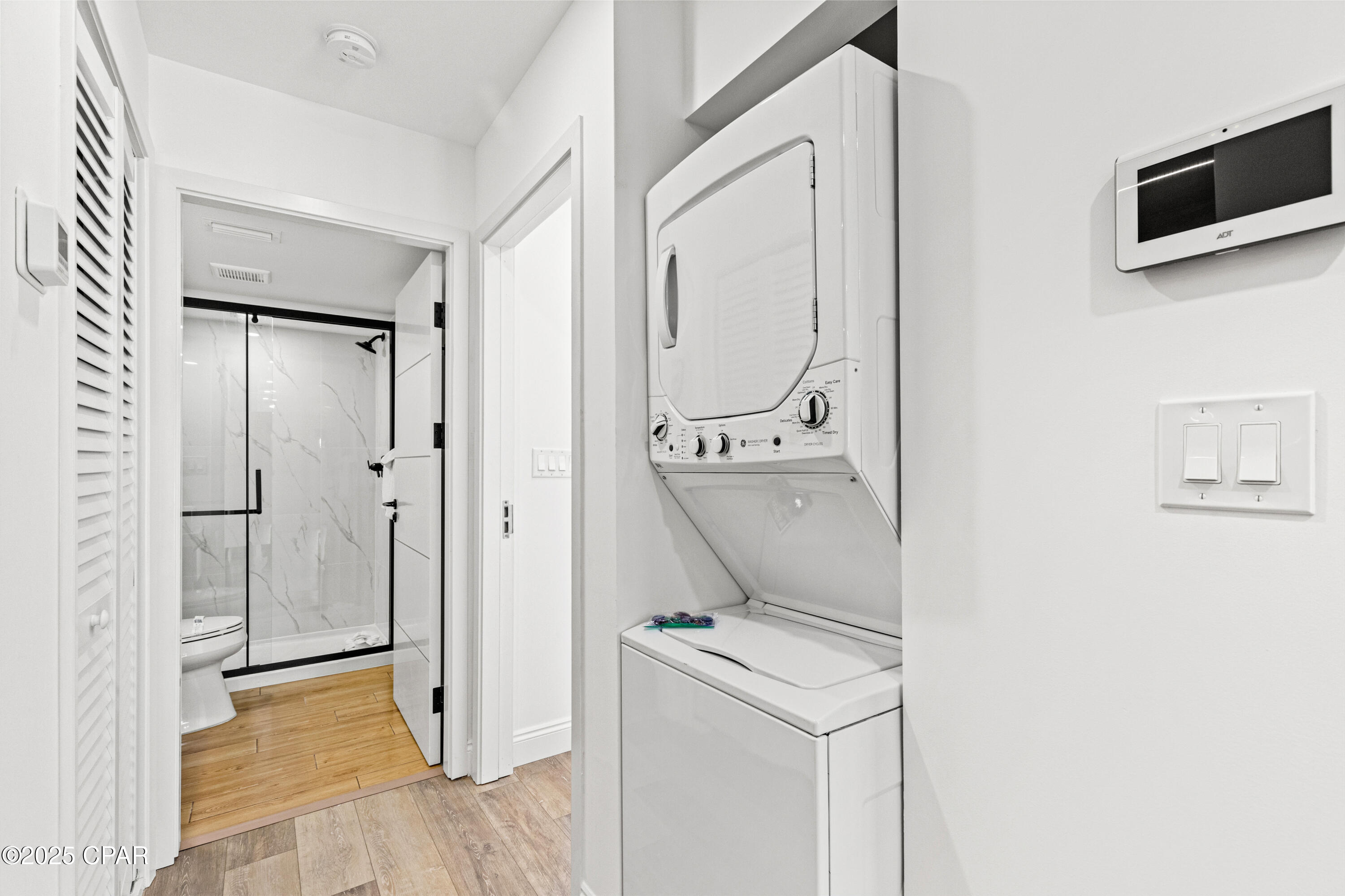 Image 16 For 8115 Thomas Drive 5a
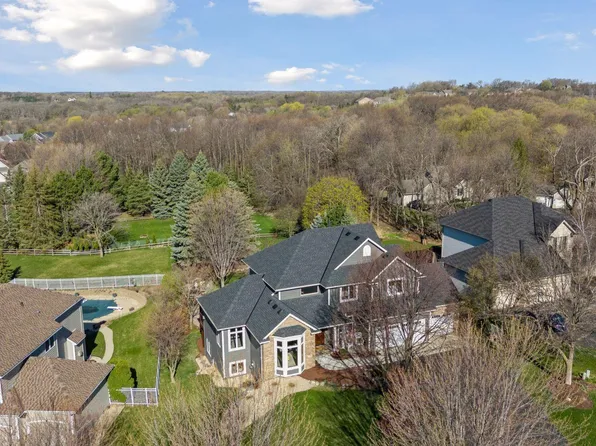 7420 Fawn Hill Rd, Chanhassen, MN 55317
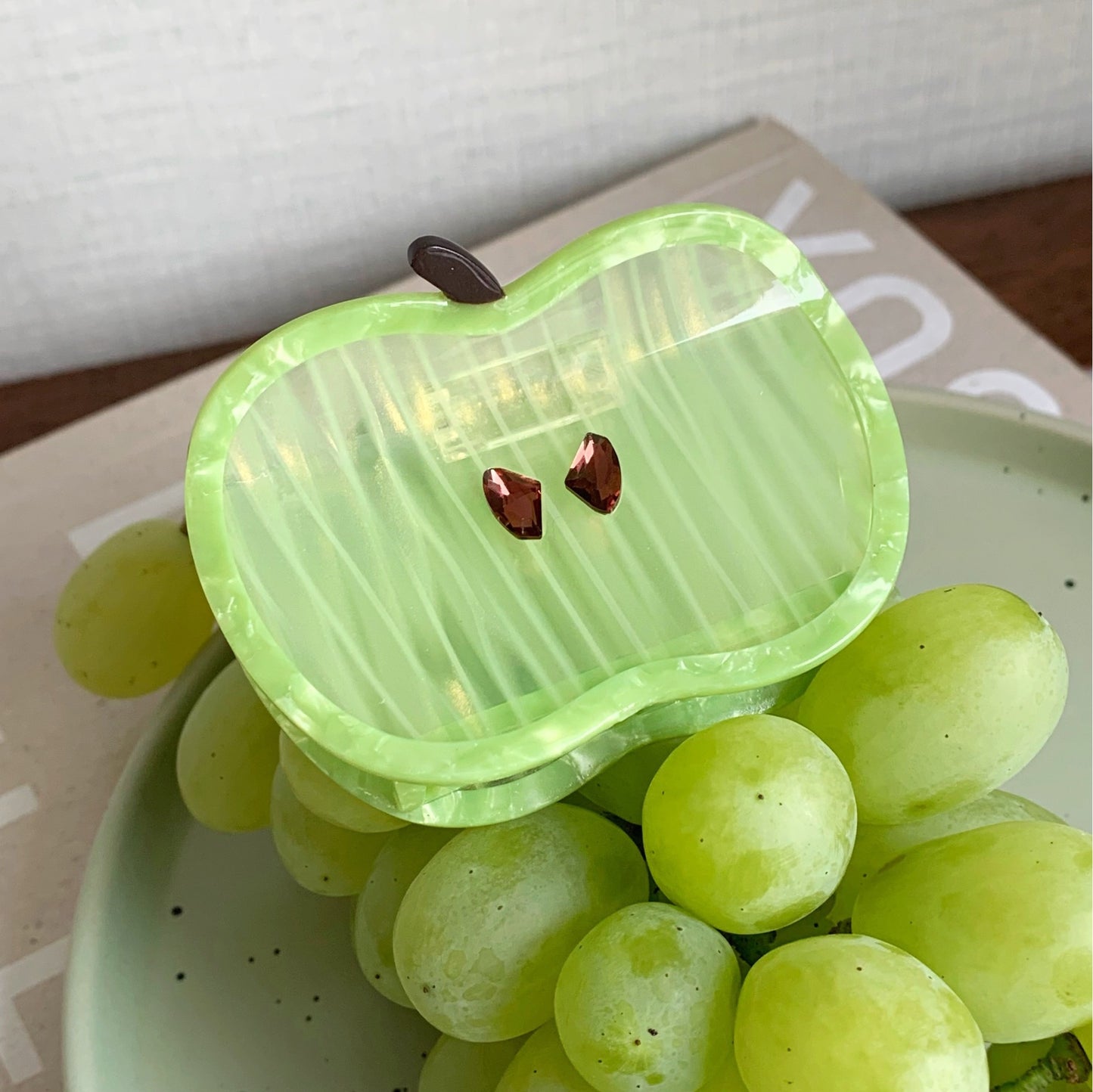 Cute Green Apple Seed Claw Hair Clip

====

> WORK ITEM: The answer is every line of the data, exactly as written, with the pictures dropped.

> EXPECTED ANSWER:
 Image 16 For 8115 Thomas Drive 5a
 7420 Fawn Hill Rd, Chanhassen, MN 55317
 Cute Green Apple Seed Claw Hair Clip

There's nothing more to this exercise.